## Exercise prompt
Scan the lines below for the string "album" and copy every one that has it.

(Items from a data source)
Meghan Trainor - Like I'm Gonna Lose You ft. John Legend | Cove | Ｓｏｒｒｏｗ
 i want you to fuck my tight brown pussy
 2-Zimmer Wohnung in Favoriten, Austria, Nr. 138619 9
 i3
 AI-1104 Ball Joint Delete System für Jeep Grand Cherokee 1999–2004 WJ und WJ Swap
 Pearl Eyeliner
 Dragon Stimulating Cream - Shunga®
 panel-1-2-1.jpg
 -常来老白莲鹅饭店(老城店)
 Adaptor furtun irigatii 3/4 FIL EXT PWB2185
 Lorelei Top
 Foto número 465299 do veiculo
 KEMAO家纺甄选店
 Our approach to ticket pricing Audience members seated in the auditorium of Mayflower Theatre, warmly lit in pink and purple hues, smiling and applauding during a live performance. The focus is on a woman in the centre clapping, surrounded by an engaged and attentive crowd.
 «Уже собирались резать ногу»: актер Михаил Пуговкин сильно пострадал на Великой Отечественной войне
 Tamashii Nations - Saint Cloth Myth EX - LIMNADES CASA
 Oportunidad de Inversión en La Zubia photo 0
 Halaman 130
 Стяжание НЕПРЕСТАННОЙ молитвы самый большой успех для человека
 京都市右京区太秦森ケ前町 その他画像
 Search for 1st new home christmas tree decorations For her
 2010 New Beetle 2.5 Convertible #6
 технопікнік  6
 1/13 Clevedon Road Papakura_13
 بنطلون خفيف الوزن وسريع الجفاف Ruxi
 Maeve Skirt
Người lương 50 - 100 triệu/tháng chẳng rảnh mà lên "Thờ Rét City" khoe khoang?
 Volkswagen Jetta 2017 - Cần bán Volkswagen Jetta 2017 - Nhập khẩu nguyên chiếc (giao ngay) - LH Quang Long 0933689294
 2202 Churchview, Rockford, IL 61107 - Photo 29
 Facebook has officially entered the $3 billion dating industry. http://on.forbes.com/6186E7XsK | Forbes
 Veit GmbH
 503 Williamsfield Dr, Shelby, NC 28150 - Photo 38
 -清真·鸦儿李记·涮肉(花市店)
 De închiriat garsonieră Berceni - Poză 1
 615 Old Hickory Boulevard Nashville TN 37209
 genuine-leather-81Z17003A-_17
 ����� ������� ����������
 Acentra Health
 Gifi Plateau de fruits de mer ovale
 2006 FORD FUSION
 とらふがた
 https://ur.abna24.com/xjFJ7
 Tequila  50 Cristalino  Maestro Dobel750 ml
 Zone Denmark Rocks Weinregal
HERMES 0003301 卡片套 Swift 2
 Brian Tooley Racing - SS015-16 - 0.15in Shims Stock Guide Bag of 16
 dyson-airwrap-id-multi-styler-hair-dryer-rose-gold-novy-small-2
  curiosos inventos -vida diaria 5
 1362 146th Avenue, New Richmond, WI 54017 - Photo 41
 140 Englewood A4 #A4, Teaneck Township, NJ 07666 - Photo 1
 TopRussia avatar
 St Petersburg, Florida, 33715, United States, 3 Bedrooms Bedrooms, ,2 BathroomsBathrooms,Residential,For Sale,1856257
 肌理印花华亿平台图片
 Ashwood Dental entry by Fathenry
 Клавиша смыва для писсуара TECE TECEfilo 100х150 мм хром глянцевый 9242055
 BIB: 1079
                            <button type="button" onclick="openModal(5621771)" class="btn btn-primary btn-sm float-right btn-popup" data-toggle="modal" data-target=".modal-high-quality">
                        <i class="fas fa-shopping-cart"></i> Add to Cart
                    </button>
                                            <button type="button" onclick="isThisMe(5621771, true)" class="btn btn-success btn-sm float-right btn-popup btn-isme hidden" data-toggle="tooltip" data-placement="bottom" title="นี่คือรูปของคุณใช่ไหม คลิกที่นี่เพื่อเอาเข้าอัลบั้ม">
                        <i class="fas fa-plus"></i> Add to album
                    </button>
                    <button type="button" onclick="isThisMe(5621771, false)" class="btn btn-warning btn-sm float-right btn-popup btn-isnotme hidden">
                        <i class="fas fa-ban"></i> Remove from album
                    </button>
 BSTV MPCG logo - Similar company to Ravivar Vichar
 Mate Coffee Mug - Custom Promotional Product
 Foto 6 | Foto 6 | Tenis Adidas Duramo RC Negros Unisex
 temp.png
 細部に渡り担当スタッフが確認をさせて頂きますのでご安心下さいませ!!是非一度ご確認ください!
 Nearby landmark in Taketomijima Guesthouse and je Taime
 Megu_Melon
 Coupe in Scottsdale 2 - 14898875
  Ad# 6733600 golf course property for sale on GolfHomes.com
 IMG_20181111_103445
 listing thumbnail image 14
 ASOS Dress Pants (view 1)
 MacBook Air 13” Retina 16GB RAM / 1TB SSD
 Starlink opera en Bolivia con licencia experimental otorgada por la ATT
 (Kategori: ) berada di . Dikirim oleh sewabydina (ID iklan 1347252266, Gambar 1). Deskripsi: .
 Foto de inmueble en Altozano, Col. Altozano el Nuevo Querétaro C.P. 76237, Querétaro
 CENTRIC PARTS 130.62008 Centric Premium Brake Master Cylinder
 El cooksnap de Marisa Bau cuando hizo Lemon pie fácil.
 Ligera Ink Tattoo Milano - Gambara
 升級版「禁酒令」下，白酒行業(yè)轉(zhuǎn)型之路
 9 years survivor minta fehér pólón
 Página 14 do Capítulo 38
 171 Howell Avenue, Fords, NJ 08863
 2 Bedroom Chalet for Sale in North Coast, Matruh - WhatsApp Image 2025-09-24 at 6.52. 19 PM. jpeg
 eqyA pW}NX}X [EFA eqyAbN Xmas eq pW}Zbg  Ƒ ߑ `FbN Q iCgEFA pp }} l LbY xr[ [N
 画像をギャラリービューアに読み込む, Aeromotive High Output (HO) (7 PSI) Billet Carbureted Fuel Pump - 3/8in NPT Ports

## Solved exercise
                        <i class="fas fa-plus"></i> Add to album
                        <i class="fas fa-ban"></i> Remove from album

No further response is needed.